Our very first kidding a single buckling presented this way, and he was a big baby too <not this big!>.

I sent my 5yo in the house, and saw the babies tongue turning blue. Snow White was screaming but wasn't pushing. So I said a little prayer, and grabbed the babies leg and pulled. As soon as I started to pull it's like Snow White knew what I was doing and suddenly she was pushing as hard as she could. <Meanwhile the other goats, especially Madison were going crazy outside with worry!>
A few very hard pushes/pulls and me and Snow White got her out!
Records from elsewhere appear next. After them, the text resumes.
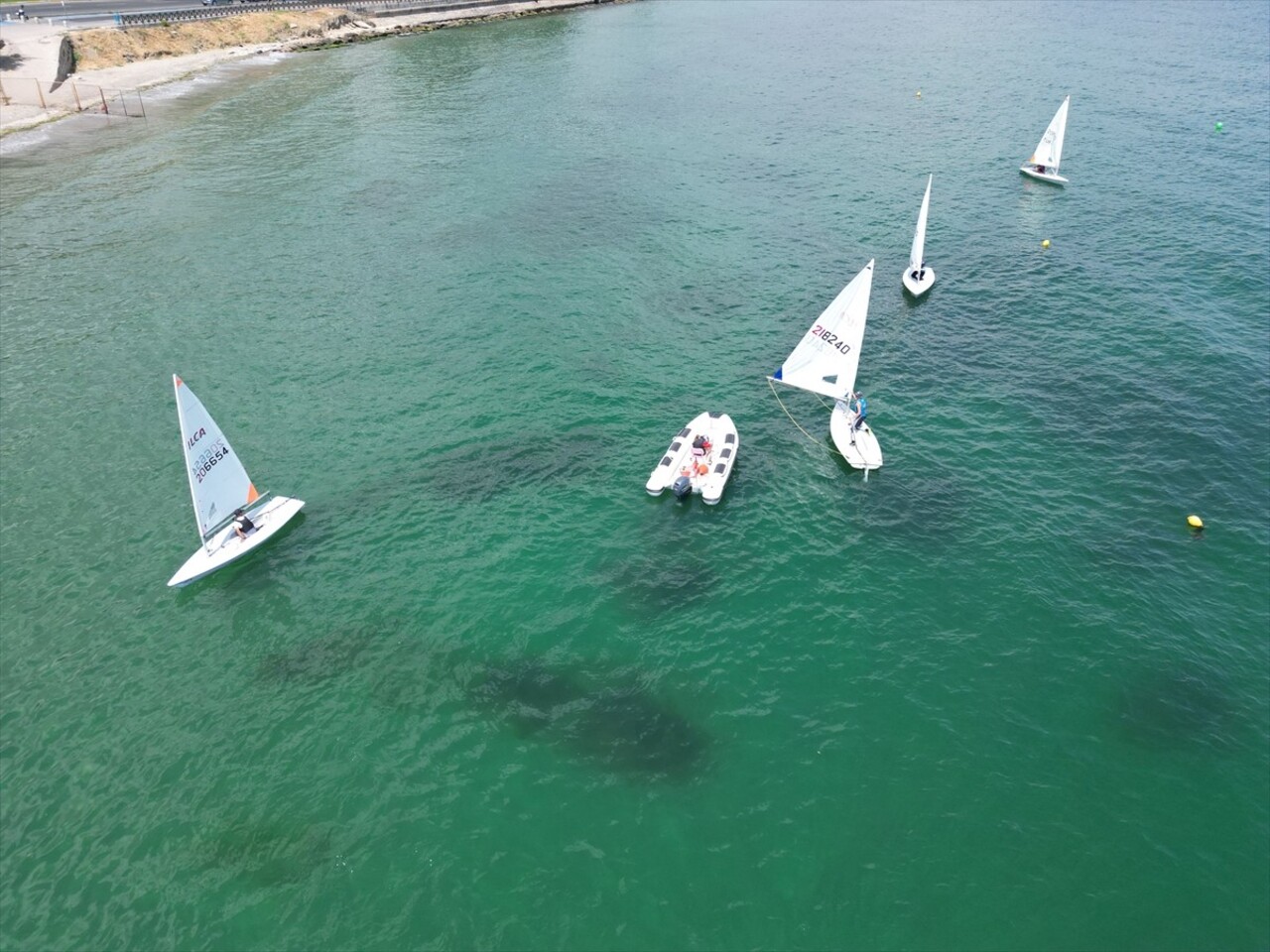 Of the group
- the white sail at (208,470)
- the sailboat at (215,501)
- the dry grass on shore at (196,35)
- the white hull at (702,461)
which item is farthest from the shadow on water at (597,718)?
the dry grass on shore at (196,35)

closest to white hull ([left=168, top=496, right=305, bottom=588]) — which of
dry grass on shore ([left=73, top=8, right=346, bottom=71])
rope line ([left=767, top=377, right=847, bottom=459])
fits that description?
rope line ([left=767, top=377, right=847, bottom=459])

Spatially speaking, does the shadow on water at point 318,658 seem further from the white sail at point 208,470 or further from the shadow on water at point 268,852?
the white sail at point 208,470

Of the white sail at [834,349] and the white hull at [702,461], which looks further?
the white sail at [834,349]

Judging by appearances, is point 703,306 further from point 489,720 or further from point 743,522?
point 489,720

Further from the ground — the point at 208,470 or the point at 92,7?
the point at 92,7

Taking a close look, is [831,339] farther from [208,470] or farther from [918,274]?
[208,470]

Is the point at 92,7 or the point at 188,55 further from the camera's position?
the point at 92,7

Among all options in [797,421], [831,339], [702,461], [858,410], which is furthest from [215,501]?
[858,410]

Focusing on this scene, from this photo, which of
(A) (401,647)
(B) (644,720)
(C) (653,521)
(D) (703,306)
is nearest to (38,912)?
(A) (401,647) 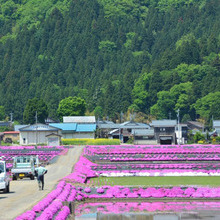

Well, her cord broke prematurely, it was long but bleeding more than I felt comfortable with, and couldn't find my dental floss!! :hair: I keep some string out in the barn, so I just used a piece of that to tie it off.

Once she was out, she was just fine, and seemed ticked off that it took so long to get her out because she was HUNGRY :laugh:

Anyway, it was tense for a few minutes, but all went well. Her ear tips are folded up, so we'll work on trying to straighten them out a bit. Doesn't surprise me since she was so big.

We didn't get to weigh her until she was about 4 hours old.

13 POUNDS!!!!! HOLY COW SNOW WHITE LOL!!!!

She belongs to my 5yo daughter, who named her Sparkles. But later when we went back out she said she wants to call her Cupcake Sparkles, so that will be her registered name <50% Boer>.

Snow White in labor 


















A few minutes after she was out, I grabbed the camera for a couple of quick pics



















I had to leave once everything was good, and quiet so I could run a few errands before it got late. So when she was about 4 1/2 hours old we got some 'dry' pics









































































A couple of videos I uploaded to flickr. First one is when the kid was presenting and I knew she needed help, so when I stopped it that's when I went in to help. 

__
https://flic.kr/p/6799177280

Just a short video after she was born. 

__
https://flic.kr/p/6799392094

I only have video on my DSLR camera, and the files are HUGE even in low quality, wish I could upload some of the others, I'll have to try <100MB+ for 1-2 minutes!!>.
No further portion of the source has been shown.